It's important to keep a realistic mindset when investing, and it's important to be prepared for the fact that investment returns may be lower than expected in the future. In this video, ROBIN POWELL talked to AQR Capital Management's ANTTI ILMANEN about what ordinary investors can do.
TRANSCRIPT
Robin Powell: You have to be an optimist, to some extent, to be an equity investor; but you also need to be realistic – and that means accepting the possibility that returns may be lower in the future than they have been in the past. Several highly respected commentators have warned of lower expected returns. Among them is Antti Ilmanen, an investment strategist at AQR Capital Management in Connecticut, who has written a book on the subject.
Antti Ilmanen: If I had to pick the sort of fundamental story why we are in this world, it is around this idea of a “savings glut”, which has been 20 years in the making. It could be a savings glut from emerging markets, it could be from the pension savers, it can be from the wealthy who have all got higher savings rates, and that is probably something that is not immediately going away.
RP: This savings glut, says Antti Ilmanen, has pushed up prices in all of the major asset classes, including stocks, bonds, and property – which poses a dilemma for long-term investors. Do they reduce the risk they’re taking, or do they take more risk to offset the possibility of lower returns in the future?
AI: With this characteristically balance-seeking way, I think the middle way appeals to me. So I think that you should consider both more risk and less risk, and if you feel strongly, go with either way. I would probably stick with a long-run, normal amount of risk, and try to accept serenely that, in today’s world, that implies lower return and lower spending than in the past when we had the tail winds.

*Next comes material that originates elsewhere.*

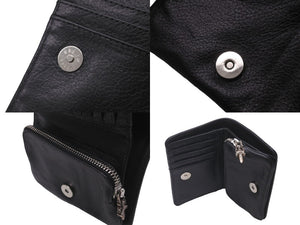 CHROME HEARTS クロムハーツ 二つ折り財布 ジョーイ ブラック ヘビーレザー 牛革 シルバ−925 ブラック 美品 中古 60930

RP: One option that’s been gaining traction is investing in private equity instead of publicly listed stocks. Private equity did outperform public markets when it first became popular in the mid-2000s, but it hasn’t done so more recently.

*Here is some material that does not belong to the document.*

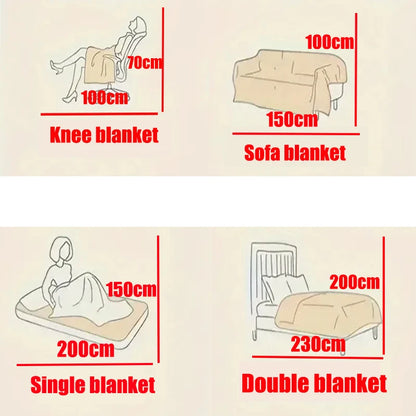 Light luxury Solid Color Multifunctional Rabbit Velvet Blanket Winter Thick Warm Flannel Used For Bedroom Living Room Blanket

AI: If I study historical data, and I show this in the book, the valuation gap between public and private equity narrowed quite meaningfully just around that time. And since then, we’ve had a very narrow gap between private and public equity and slimmer outperformance than was the case earlier.
RP: Antti Ilmanen’s advice to ordinary investors is essentially two-fold. First, diversify broadly. And secondly, remain patient and disciplined.

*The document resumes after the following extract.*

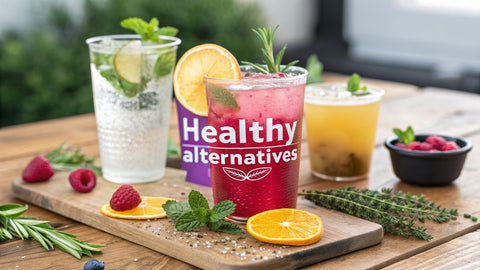 multiple cups of fruit juice next to sliced fruit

AI: Good investing results require both good investments and good investors; so, I mainly talk about strategies but I did – at the end – focus quite a bit on this. What’s a good investor? And it’s preaching about patience over return chasing, humility over overconfidence, discipline over emotions. I would add – not everyone does – but I would add probabilistic thinking over story-telling.
RP: Of course, we don’t know for certain that investment returns will be lower in the future. They may not be. But investors need to be prepared. And for many of us, that might mean putting more money away for retirement than we have been until now.